- Moldavian campaign (1497–1499): Part of the Polish–Ottoman War (1485–1503)
| Date | 1497–1499 |
| Location | Moldavia and Poland |
| Result | Moldavian-led victory |
| Territorial changes | Moldavia annexes Pokuttia |

Belligerents
- Kingdom of Poland Duchy of Masovia Teutonic Order: Moldavia Ottoman Empire Crimean Khanate Wallachia Kingdom of Hungary

Commanders and leaders
- John I Albert Stanisław Chodecki Jan Teczynski (POW) Konrad III Rudy Johann von Tiefen: Stephen III Sima Boldur Bayezid II

Strength
- 1497 Campaign: 80,000–100,000 1498 Campaign: Unknown: 1497 Campaign: 44,000 (Cosmin Forest) 1498 Campaign: 40,000

Casualties and losses
- 1497 Campaign: 11,000–40,000 Nearly all knights 1498 Campaign: Many killed 100,000 enslaved: Unknown

= Moldavian campaign (1497–1499) =

1497–1499 conflict

The Moldavian campaign of 1497–1499 was an unsuccessful war led by John Albert of Poland against the Moldavians, supported by their Ottoman suzerains. John Albert set out with an army of 80,000–100,000 men with the objectives of deposing Stephen the Great of Moldavia and replacing him with Sigismund Jagiellon, reconquering the fortresses on the northern Black Sea coast and taking control of Crimea and the Danube Delta.

==Background==
John I Albert was elected due to his advocacy for an offensive policy against the Ottomans, and he made an alliance with Venice and Hungary for a joint effort against them. Stephen the Great of Moldavia refused to join the alliance fearing that Moldavia would be the main scene of any Polish–Ottoman war. Albert's efforts to displace him led to a quarrel with Ladislas of Hungary who considered Stephen as his vassal. This broke up their recent alliance and as a result, Albert planned on achieving his objectives without any foreign help. After some years of preparation, Albert sent an envoy to Istanbul asking for peace but Bayazid II rejected this and both sides were ready for war by 1497.

==Campaign==
Albert was able to raise an army of 80,000–100,000 men and 200 cannons, in the summer of 1497 he set out planning to reconquer the fortresses on the northern Black Sea coast and take control of Crimea and the Danube Delta, while Stephen the Great of Moldavia was able to secure Ottoman support. The Polish offensive began in the month of June in 1497, but the Moldavians, supported by the Ottomans, crossed into Bukovina and decisively defeated the Poles at Valea Cosminului (Battle of the Cosmin Forest) and then proceeded to raid into Polish territory as far as Lwów. On 29 October, Konrad III Rudy sent out a detachment of 600 Masovian Knights to relief Albert's forces, but this detachment was destroyed by Stephen's entrusted commander (Sima Boldur) at the Battle of Lențești. On 30 October, Polish forces were lured into another deadly Moldavian ambush, with remnants retreating from Moldavia. From June to July 1498, Moldavian army devastated the south-eastern Polish lands and enslaved up to 100,000 Poles with Ottoman support. Albert's campaign was disastrous and his objectives had failed, so he made peace with the Moldavians and Ottomans in 1499 and recognised Ottoman control of the Black Sea.

==Consequences==
As a result of this campaign, the Crimean Tatars were now left with a major empire including the entire steppe north of the Crimea from the Dniester to the Volga under the suzerainty of the Ottoman sultan. Polish army suffered 11,000–40,000 casualties in 1497, alongside near complete annihilation of the Masovian and Teutonic Knights.

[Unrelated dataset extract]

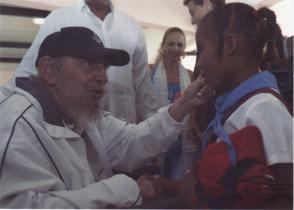 Fidel Castro saluda a estudiantes en el Complejo educacional Vilma Espín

After the battle of the Cosmin Forest, John I Albert hastily returned to Poland (suffering another major defeat on the way where 5,000 Polish soldiers were killed in Bukovina) and built the Kraków Barbican, fearing an attack by the Ottoman Empire after his successive defeats. The walls of Kraków were strengthened and additional fortifications were built to defend the city in case of a Turkish invasion.